On January 27th my cohort put on the Educational Technology Showcase at Brock University in Hamilton. This showcase ran three sessions over the day throughout the school on different ways to integrate and teach with technology in the classroom. It was a fantastic event that attracted more than 400 in attendance. I was fortunate enough to be a presenter alongside my friends Adam Childs and Natalie Gilbert on "Google+ in the Classroom". This was such a wonderful experience, and was so enjoyable. We presented in the Google room where there were six centres set up and the attendees rotated through our tables to get a quick 15 minute introduction to the topic. We decided to focus on three aspects of Google+: Circles, Hangout, and Integration with the Google Family.

Circles are effective in creating literacy learning circles, school council circles, parent circles, student circles, TLCP, etc. By doing so it allows you to control who see's what information, and communicate more efficiently with your students, peers, parents, support staff, etc. An example of how a literacy learning circle could work is to have the students create a circle, where they can share information such as youtube videos, interesting articles, questions, idea's, etc; and all can comment and work collaboratively together through this. The benefit of circles is you control the privacy of the information. This is very important due to the vulnerability of information and students, therefore this added safety allows you to share information with only who you want. For example, a conversation with a parent is a private conversation, and should not be privy to others. To highlight this, if you post something on someone's wall in Facebook, everyone who is a friend of that person can see it. In Google+, you can control this completely. Moreover, no one knows what circles you have - it is only viewable to you as a means of organization.

The benefits and flexibility of Google Hangout allows up to 10 participants in an online video conference. Unlike Skype where you can only chat to one other person, Google+ allows you to chat with up to 10 participants simultaneously. We see this as an excellent way to have students conference on projects, meet with parents outside of school hours (increased flexibility), have school staff meetings (if someone is home sick they can still participate), or discuss questions with students outside of school hours. To be clear with these outside school hours, you would set up guidelines on when you are available with all the stakeholders. This will improve transparency, and will avoid any misunderstandings. Another benefit is you can use screenshare, which allows the other video participants to view your screen to share video's, word document ideas, or anything else you wish to share. There is also the chat feature on the sidebar for those without functioning video camera's to participate with.

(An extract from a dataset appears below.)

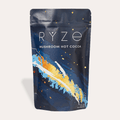RYZE Testing: Mushroom Hot Cocoa Bundle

Google+ works seamlessly with all other Google products. You can easily incorporate, embed, and link to all other Google products in Google+, for instance add a doc, form, blogger, YouTube clip, or calendar. In our session I focused on discussing the benefits of the Calendar whereby you can create and share multiple different online calendar's with whomever you like. What I like about this is you would not want to share your calendar with colleagues, parents, and students that has your friend's birthday party on it, or a dentist appointment. So by creating say a "School Staff Calendar" and only sharing that with your school staff that calendar could include staff meetings, emergency meetings, school PD days, fundraising days, etc. Moreover, you could create a "Classroom Calendar" that includes when you have a math quiz, a field trip to the library, parent-teacher conferences, sports events, or online availability for additional help. This calendar could be shared with your students, parents, teachers, and administrative staff. This will create terrific transparency for what is going on in the classroom, and help parents be more aware of their child's learning.

It was a terrific experience presenting on this topic, and my co-presenter's and I learned so much. As the day progressed we started thinking of new and creative ways to use Google+ as a home base for all other Google products. An analogy I thought of was Google+ is the parents, and all the other Google products are the children and relatives that come home and share every once and while. So documents, presentations, flickr, blogger, etc, all are independent and grown up living their own lives; but they come home for a great Sunday lunch every week to share their ideas.

The Showcase had such an amazing atmosphere and buzz in the air, and I'm so thrilled I was able to be a part of it. It was fantastic walking around seeing all the different learning and centres going on, and hearing all these new ideas being discussed with such enthusiasm. I'm so proud of my fellow cohortian's who also presented at the Showcase, and cannot wait to take these ideas into the classroom.



If anyone has any other idea's on ways they have used Google+ in the classroom, or experiences on how to scaffold it I would be very interested in hearing about them. Cheers!